Mädchen Amick and Peggy Lipton in "Twin Peaks"   (Showtime/Suzanne Tenner)
Mädchen Amick and Peggy Lipton in "Twin Peaks" (Showtime/Suzanne Tenner)

“Now that is a damn fine cup of coffee.”

I had to say it. What else does one say when sitting in the Double R Diner, plate of cherry pie before them, swallowing a small gulp of dare I say exquisite black coffee? And yet, coming out of my mouth the words didn’t sound quite right. I looked around. There was the log lady, sitting on a bar stool a couple down from mine, whispering cryptic messages to the friend I had come with; and there was Deputy Hawk, Leo, a few Bobs, even a deceased Laura Palmer, all on line for pie and coffee. But no sign of Agent Cooper.
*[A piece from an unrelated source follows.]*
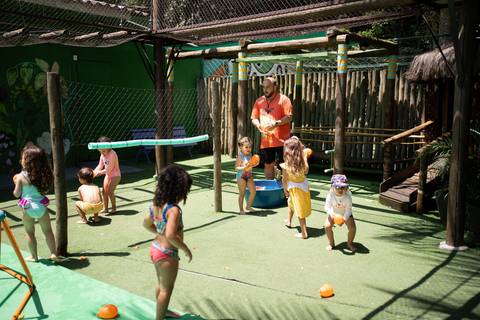 Festa infantil de aniversário de menina de 4 anos com o tema Frozen; princesa Elsa; princesa Anna; vestido azul; casa de festa quintal de contos; niteroi; Rio de Janeiro; fotografo de familia'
It was just past 7:00 p.m., and I was not, of course, in the northwest’s most famous fictional logging town’s most famous (sort-of) fictional diner, but in a set-sized recreation. The diner was but one “Twin Peaks” installation erected on Tuesday in the Brooklyn Bazaar, a vast event space in Brooklyn’s trendy Greenpoint neighborhood. With five days to go before the start of the first “Twin Peaks” season in 26 years, the Bazaar, along with Flavorpill, BBQ Films and Showtime, was hosting an immersive tribute to “Twin Peaks”— essentially, a Comic Con with no capes but lots of denim.   

The event spanned three floors of the Bazaar and was a choose-your-adventure of sorts: eat pie and drink coffee at the Double R, sing karaoke and get your picture taken downstairs in the Twin Peaks Lodge, get a drink and see a band play upstairs in the Black Lodge, mingle with fellow townspeople in the Palmer living room. Me, I wanted to know where Agent Cooper was — well, that and, more importantly, where he’d be come Sunday night.   
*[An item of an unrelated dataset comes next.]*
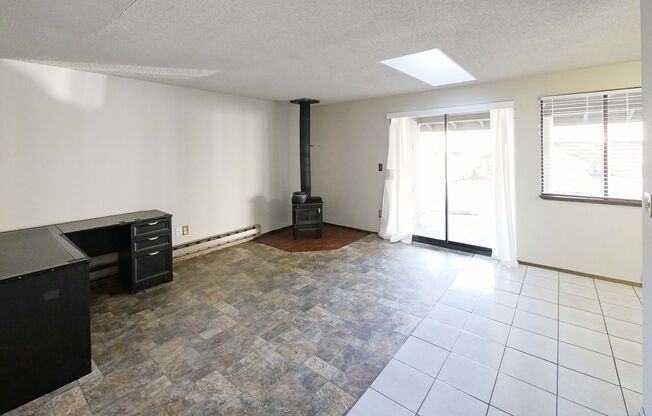 Beautiful Private Condo for Rent Available Now! Parking in front of the Unit.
So when Audrey Horn came ambling through the diner, I asked her: “Audrey, where’s Agent Cooper?”

"I don't know,” she cooed. “If you see him, tell him I have a favor to ask. I've left so many messages on his phone. I have a lot of important things to discuss with him."

I asked what she had to discuss with him, hoping to arrive at some clue about whether a cackling demon would still be inhabiting his body 26 years after the show left viewers hanging on this image. But my detective work was in vain. These costumed simulacrum — at least the hired ones — didn’t know any more than I did, and even if they had, they wouldn’t have veered from an animatronic fealty to the original text.  

That is, except when they took to the various stages set up around the Bazaar. Moments after Audrey sauntered off, for instance, she was on the stage, stripping out of her clothes.  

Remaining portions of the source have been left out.